This isn’t our first rodeo. We’ve been around long enough to have heard the siren song of many a new car company. They sing a pretty tune of revolution, innovation, disruption. They make grand, boastful claims. They make a big splash at an auto show with a stunning concept car and then…crickets. Just as quickly as they appear, they vanish, often leaving behind only a large flaming pile of venture capital as evidence of their ambition.
Polestar is different. In 2017, the company announced itself to the world at an especially slick event in Shanghai. It made a big splash, promising a range of sleek, Scandinavian-designed, Chinese-built, zero-emission vehicles.
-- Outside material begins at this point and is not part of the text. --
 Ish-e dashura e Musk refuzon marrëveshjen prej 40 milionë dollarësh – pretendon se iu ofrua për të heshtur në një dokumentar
The new company was the brainchild of Thomas Ingenlath, chief designer at Volvo, where he was responsible for cars including the beautiful V90 station wagon and XC40 SUV. Ingenlath has since taken the CEO position at Polestar, a separate company owned 50–50 by Volvo and the Chinese automaking juggernaut Geely. It’s this strong financial backing (around $736 million USD in initial investment), combined with Ingenlath’s and Volvo’s tried-and-true experience making world-class automobiles, that has allowed the company to get its first car to market while so many others have failed.
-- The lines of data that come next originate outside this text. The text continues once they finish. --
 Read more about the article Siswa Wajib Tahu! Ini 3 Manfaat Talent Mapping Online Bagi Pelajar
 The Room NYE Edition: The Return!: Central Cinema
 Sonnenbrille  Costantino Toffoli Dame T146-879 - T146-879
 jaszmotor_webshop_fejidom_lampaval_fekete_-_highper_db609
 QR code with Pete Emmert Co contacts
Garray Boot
That the Polestar 1, the brand’s first car, exists at all is an achievement. Whether or not it’s any good is what we came to the redwood forests of the Pacific Northwest to find out.
The low-slung coupe gives off a distinct tech-wear vibe that suits the Silicon Valley setting. A little block of text behind the front wheels reads, “Polestar 1: High Modulus CFRP Body; Optimized Carbon Fibre Layout.”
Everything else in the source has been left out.